A few pics of my 1 day old Albino mac.Came from a clutch of 6


,1 egg died during incubation and 1 normal mac died after pipping.


----------



## snakefreak16 (Oct 22, 2012)

wow beautiful snake wish i can get one soon


----------



## Stuart (Oct 22, 2012)

That's fantastic. Well done mate


----------



## Albino93 (Oct 22, 2012)

Wow nice, how many albino's hatched from the clutch?


----------



## Grogshla (Oct 22, 2012)

awesome mate


----------



## congo_python (Oct 22, 2012)

You beat someone else to it rofl


----------



## eddie123 (Oct 22, 2012)

thats amazing. never herd of albino macs, are they new?


----------



## JrFear (Oct 22, 2012)

Good job mate! Was it the only albino from the clutch?


----------



## dickyknee (Oct 22, 2012)

Nice work mate , looks better than the pic you sent me this morning ... was a little worried it was not going to venture out of the egg for you ...


----------



## Icarus (Oct 22, 2012)

that's awesome! Are you going to sell them? How much for?


----------



## solar 17 (Oct 22, 2012)

fortune favours the brave....."well done" solar 17 (baden)


----------



## Lachesis (Oct 22, 2012)

Thanks everyone.Only got the 1 Albino out of clutch.Thanks Dicky,after spending 2 days sitting in its egg,came home from work to find it finally out and about.My only worry was the large piece of umbilical still attached,so hopefully it all clears up and becomes a nice healthy little white mac


----------



## stimigex (Oct 22, 2012)

Congrats mate, been worth the wait.


----------



## Jarrod_H (Oct 22, 2012)

That's kickass mate good work \m/


----------



## FAY (Oct 22, 2012)

Huge congrats....


----------



## Deyendran (Oct 22, 2012)

amazing!!!


----------



## Marzzy (Oct 22, 2012)

Congrats that would be awesome to have not many around, what was it mated to het or albino mac ?


----------



## Smithers (Oct 22, 2012)

That's awesome massive congrats to you. Can't wait for these to become readily available.


----------



## Red-Ink (Oct 22, 2012)

congrats mate... is it the only one in the clutch?


----------



## Lachesis (Oct 22, 2012)

Once again,thanks everyone for your comments.I will not be selling the albino,and Marzzy,they came from a het to het mating.


----------



## No-two (Oct 22, 2012)

Congrats mate. It's great to see them panning out for you. Great work.


----------



## ReptilesAsPets (Oct 22, 2012)

How old were the het parents when you breed them? And how many eggs did you get in the clutch? (total)


----------



## Pythonlovers (Oct 22, 2012)

congrats! very lucky. they look like little worms! haha very cute.


----------



## Lachesis (Oct 22, 2012)

The parents were 20 months old when clutch was layed and had a total of 6 eggs,4 hatchies survived.My only concern is the large piece of umbilical still attached.Pictures arent best as using iphone.


----------



## congo_python (Oct 22, 2012)

I wouldn't be too worried about it just let it rest up.


----------



## FAY (Oct 22, 2012)

I have had some with that. Just kept them on damp paper towel till it came off on it's own. I had no problems.


----------



## No-two (Oct 22, 2012)

Pythonlovers said:


> congrats! very lucky. they look like little worms! haha very cute.

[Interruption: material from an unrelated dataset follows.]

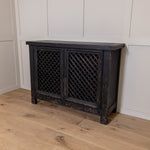 Black Distressed Lattice Cupboard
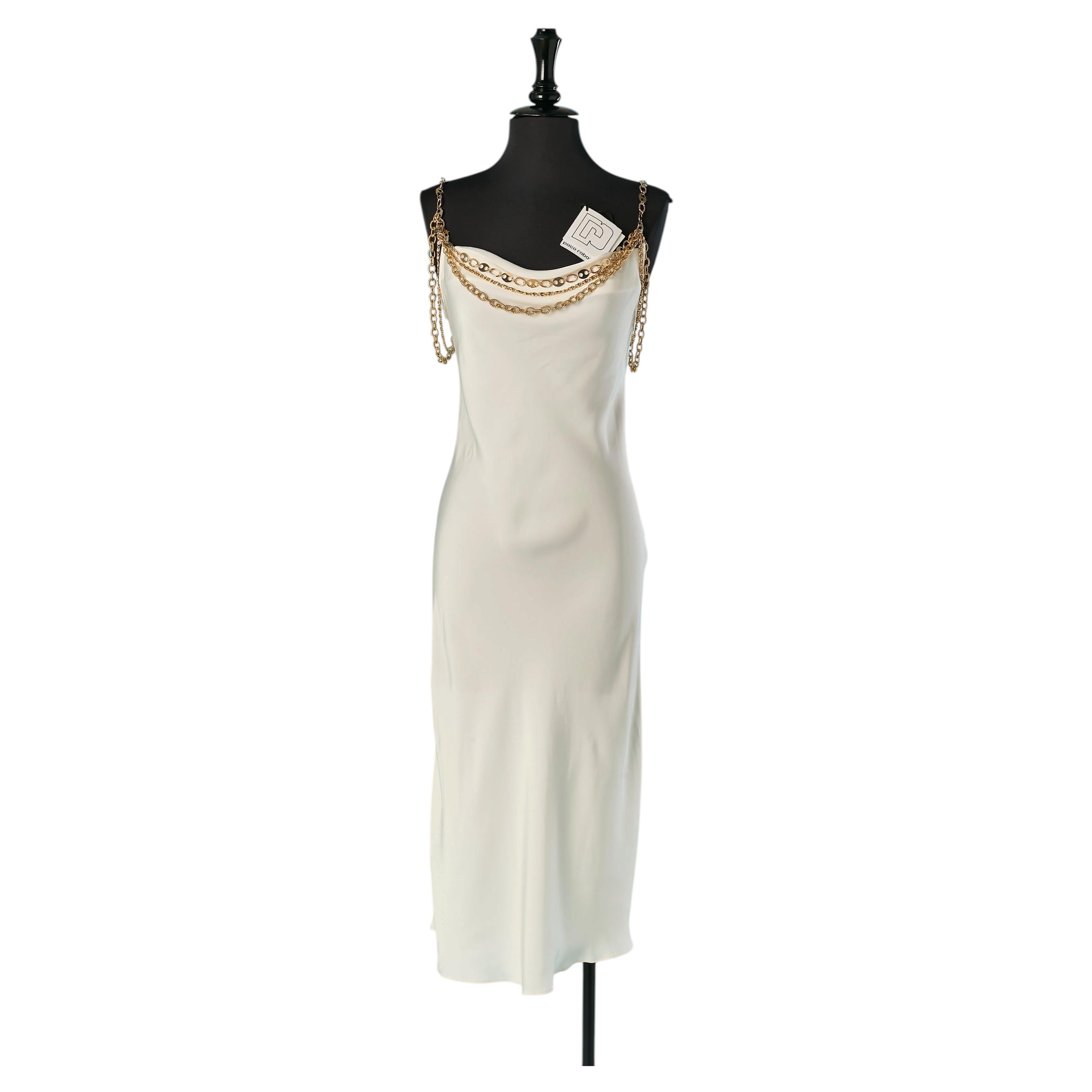 White slip cocktail dress with gold metal chain embellishment PACO RABANNE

Lucky?! I'm sure he didn't put any time or effort it them and it was all luck. Didn't grow up the babies, condition the female, cool them, pair them or incubate the eggs. Luck has nothing to do with it.

I've seen plenty of a hatchies with the umbilical cord like that, should be fine.


----------



## mungus (Oct 22, 2012)

Congrats !!
let him / her rest up.
The cord will be gone well before its first shed.
Thats cheer'd me up knowing that there's a few around.
Aleks.


----------



## dickyknee (Oct 22, 2012)

Jason , I get a few ants with cord like that each year , all fall off with in a few days of hatching.


----------



## Lachesis (Oct 22, 2012)

im keeping it still in incubator on damp towel for a few days because of the cord before i put in hatchy rack.Hayden, well put and thanks mate.


----------



## ReptilesAsPets (Oct 22, 2012)

Is looks great I wish I had one.


----------



## bluewater (Oct 22, 2012)

Top stuff!
Im excited for you! All the best with continuing on the line of whites!


----------



## zulu (Oct 22, 2012)

One is worth its weight in gold lachesis congratulations !


----------



## Wally (Oct 22, 2012)

Another great day for our hobby.



No-two said:


> Lucky?! I'm sure he didn't put any time or effort it them and it was all luck. Didn't grow up the babies, condition the female, cool them, pair them or incubate the eggs. Luck has nothing to do with it.
> 
> I've seen plenty of a hatchies with the umbilical cord like that, should be fine.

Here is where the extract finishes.